↓
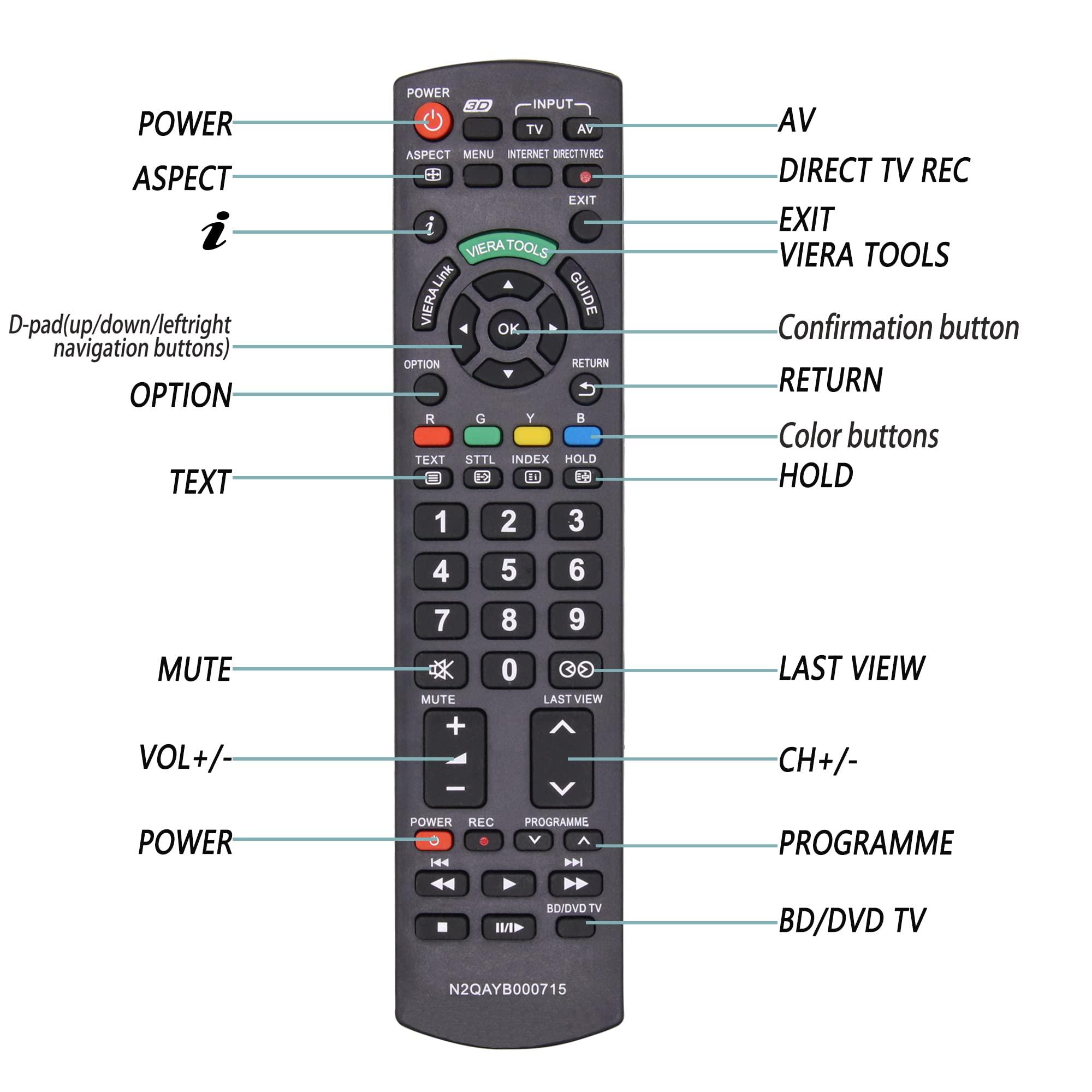 Riry Riry New Replacement Remote for Panasonic TV Remote Control for Panasonic Plasma Viera HDTV 3D LCD LED TV/DVD Player/AV Receiver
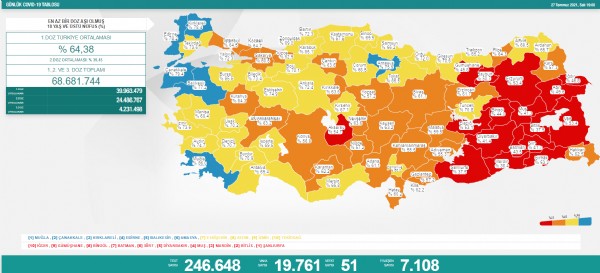 27 Temmuz koronavirüs tablosu açıklandı!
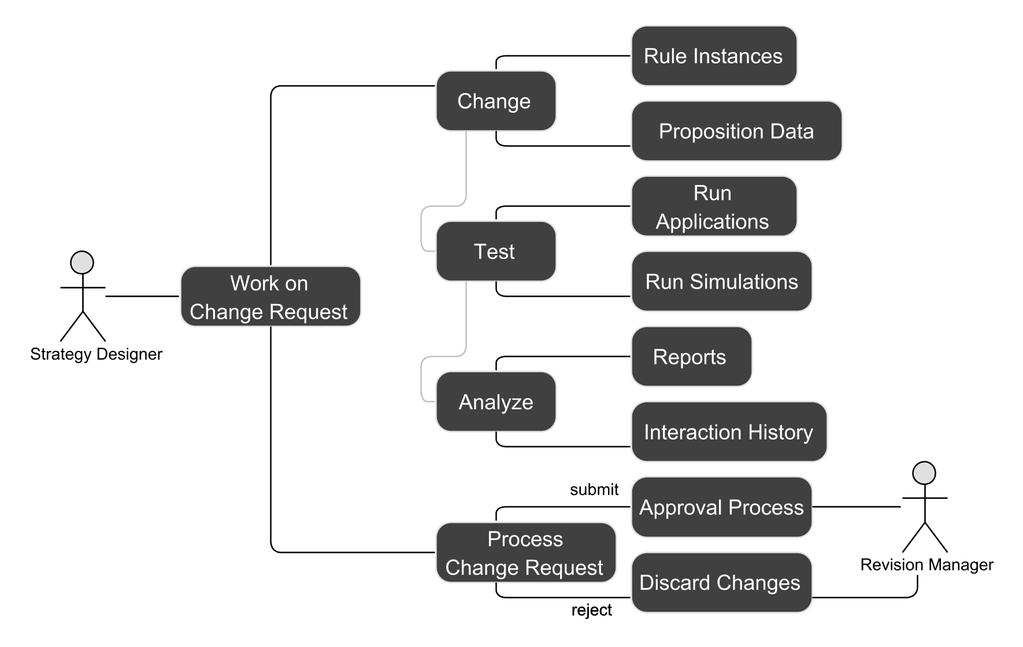 Revision managers process the changes submitted in the context of the change request. They can run applications and simulations to validate the change request, and then accept or reject the changes.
↑
- **WORK REQUEST**:
Omit the pictures, then quote the rest of the material above exactly.

- **REPLY TO THE TASK**:
 Riry Riry New Replacement Remote for Panasonic TV Remote Control for Panasonic Plasma Viera HDTV 3D LCD LED TV/DVD Player/AV Receiver
 27 Temmuz koronavirüs tablosu açıklandı!
 Revision managers process the changes submitted in the context of the change request. They can run applications and simulations to validate the change request, and then accept or reject the changes.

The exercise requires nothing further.